Commissione Antimafia: Fava, da depistaggio Borsellino a caso Montante Istituzioni reticenti e colluse - QdS

Commissione Antimafia: Fava, da depistaggio Borsellino a caso Montante Istituzioni reticenti e colluse

Commissione Antimafia: Fava, da depistaggio Borsellino a caso Montante Istituzioni reticenti e colluse

mercoledì 19 Dicembre 2018 - 00:00
"Quello che emerge come dato trasversale da tutte le indagini portate avanti dalla commissione Antimafia regionale è che qui tanti sanno. C’è un concorso di
responsabilità sul piano delle colpe, delle omissioni, delle reticenze, delle collusioni, delle complicità molto trasversale sul piano istituzionale e politico".
E’ l’atto d’accusa di Claudio Fava, parlamentare dei Cento Passi all’Assemblea regionale siciliana e presidente della commissione Antimafia di Palazzo dei Normanni.

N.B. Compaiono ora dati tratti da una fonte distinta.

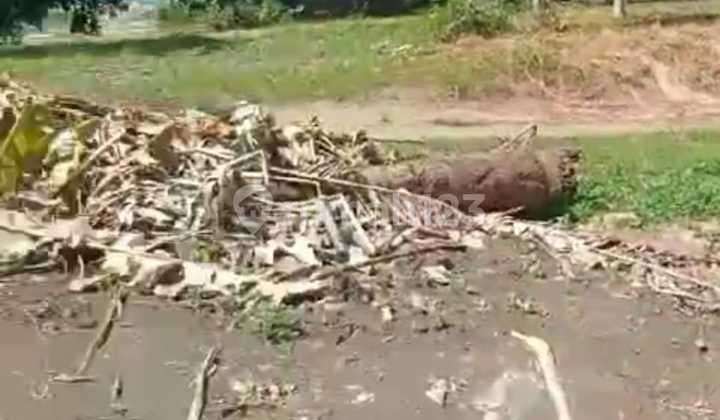 Hot List Di Jual Tanah Beachside Lokasi Batu Belig Banjar Sari Kuta Utara Badung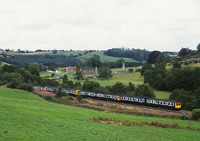 DMU
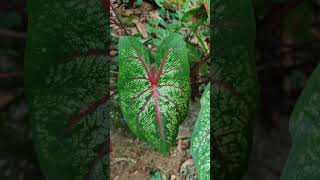 Caladium nature wildlife flowers 1 [upl. by Polish]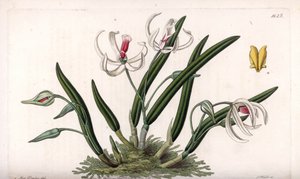 Orkidé: miniatyrvariant av leptoter - Plåt graverad av S.Watts, från en illustration av Sarah Anne Drake (1803-1857), från Botanical Register of Sydenham Edwards (1768-1819), England av Sydenham Teast Edwards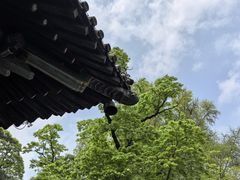 -潭柘寺景区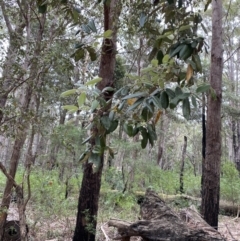 Syncarpia glomulifera subsp. glomulifera (Turpentine) at Jervis Bay, JBT - 4 Oct 2023 by Tapirlord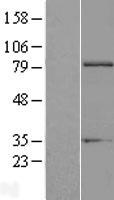 EXT1 Human Over-expression Lysate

"La ricerca delle spalle del colpevole – ha detto Fava – sulle quali poggiare l’intero peso di una vicenda, dal depistaggio Borsellino al governo parallelo di Montante per arrivare alle irregolarità nella gestione di Girgenti Acque, rischia di mantenere al riparo tanti che avrebbero dovuto controllare, opporsi, segnalare e non l’hanno fatto".

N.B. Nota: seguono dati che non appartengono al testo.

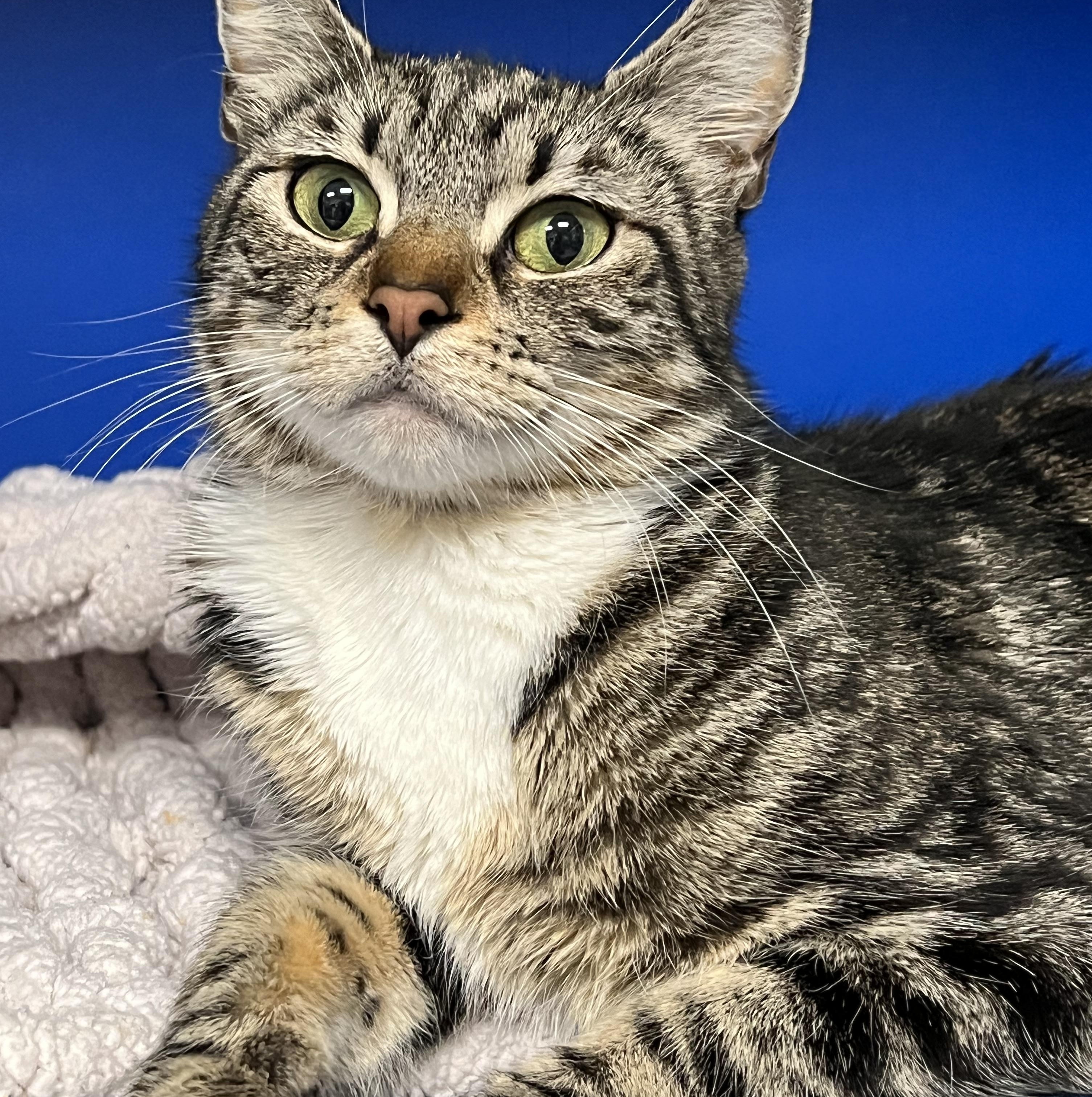 Enlarge Squeak, a ADOPTABLE Domestic Short Hair in Johnston, RI image 5/6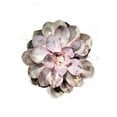 thumbnail image 2 of 1x Studio II 18x24 White Modern Wood Framed Museum Art Print Titled - Succulent 01, 2 of 4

Per Fava "questa reticenza, inerzia, collusione" che resta tale "fino a quando non c’è il campanello d’allarme suonato dalla magistratura
con l’intervento della procura o con una sentenza" è il "male che affligge la Sicilia".
"Senza questo atteggiamento – ha detto – non avremmo avuto il sistema Montante, i diciotto anni di depistaggio sulla vicenda Borsellino, dieci anni di sprechi nella gestione delle acque nella provincia più assetata d’Italia".

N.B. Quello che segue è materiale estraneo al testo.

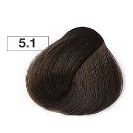 5.1 Светлый шатен пепельный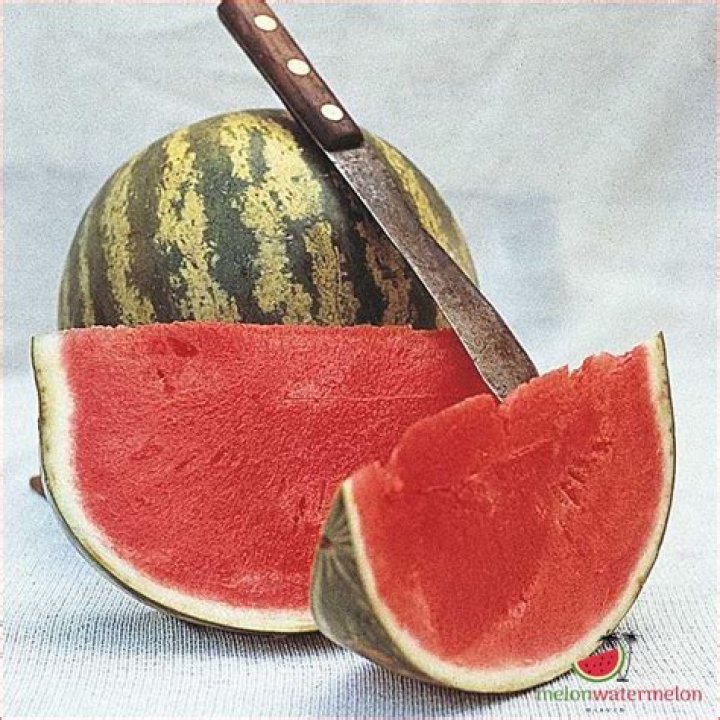 How big do Crimson Sweet watermelons get?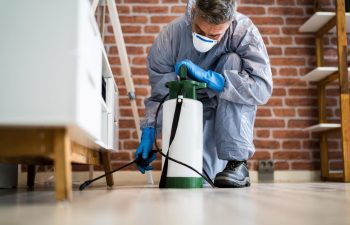 شركة مكافحة النمل الأبيض بالدمام | شركة امواج كلين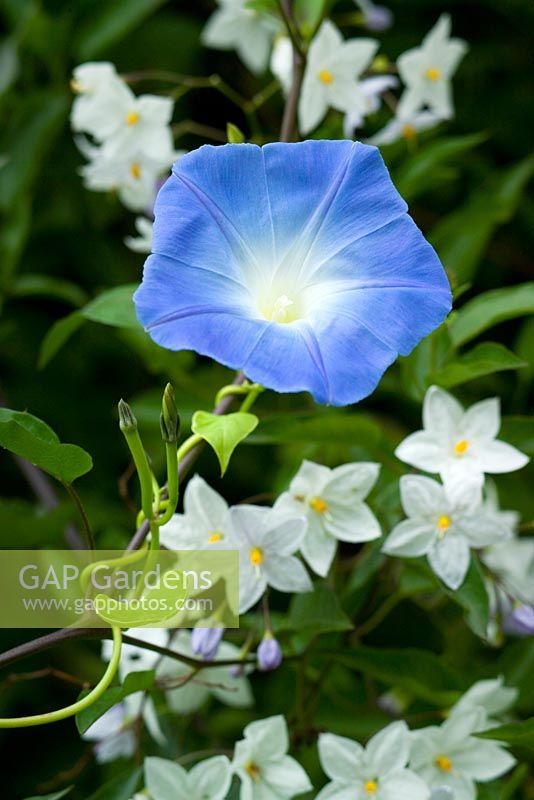 Ipomoea tricolor 'Heavenly Blue' - Morning Glory, wächst mit Solanum laxum syn. Solanum jasminoides im exotischen Garten von Great Dixter
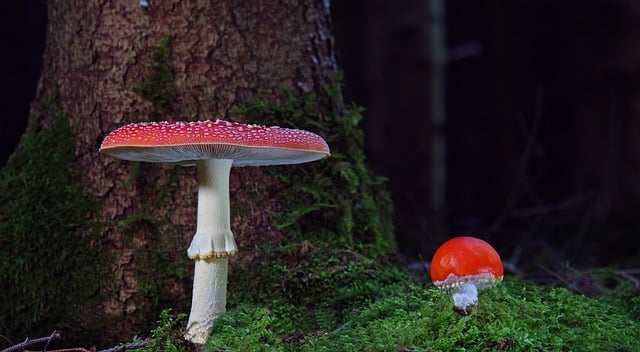 mushroom gummies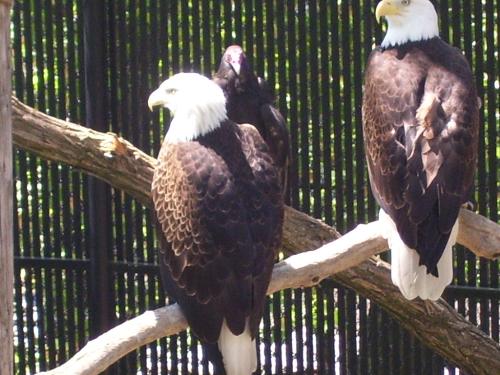 Bald Eagles - Bald Eagles at Washington Zoo in Michigan City, IN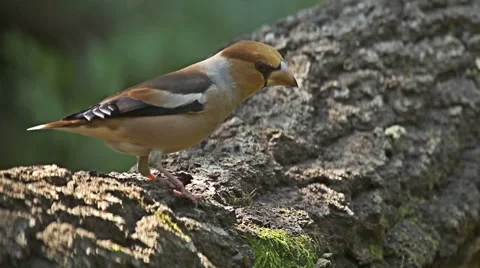 Hawfinch drinking water from forest pond and eating seeds.  Stock Footage 44480129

Tra le inchieste aperte dalla commissione presieduta da Fava c’è proprio quella sul caso Montante.
"Dalle audizione – ha spiegato – emerge che la pratica era quella di tacere. Tutto quello che ci è stato raccontato era noto: le liste di proscrizione, i dirigenti cacciati via, quelli portati in palmo di mano, i senatori che governavano per interposta persona alla Regione nella studio accanto a quello di Crocetta. Tutti hanno taciuto".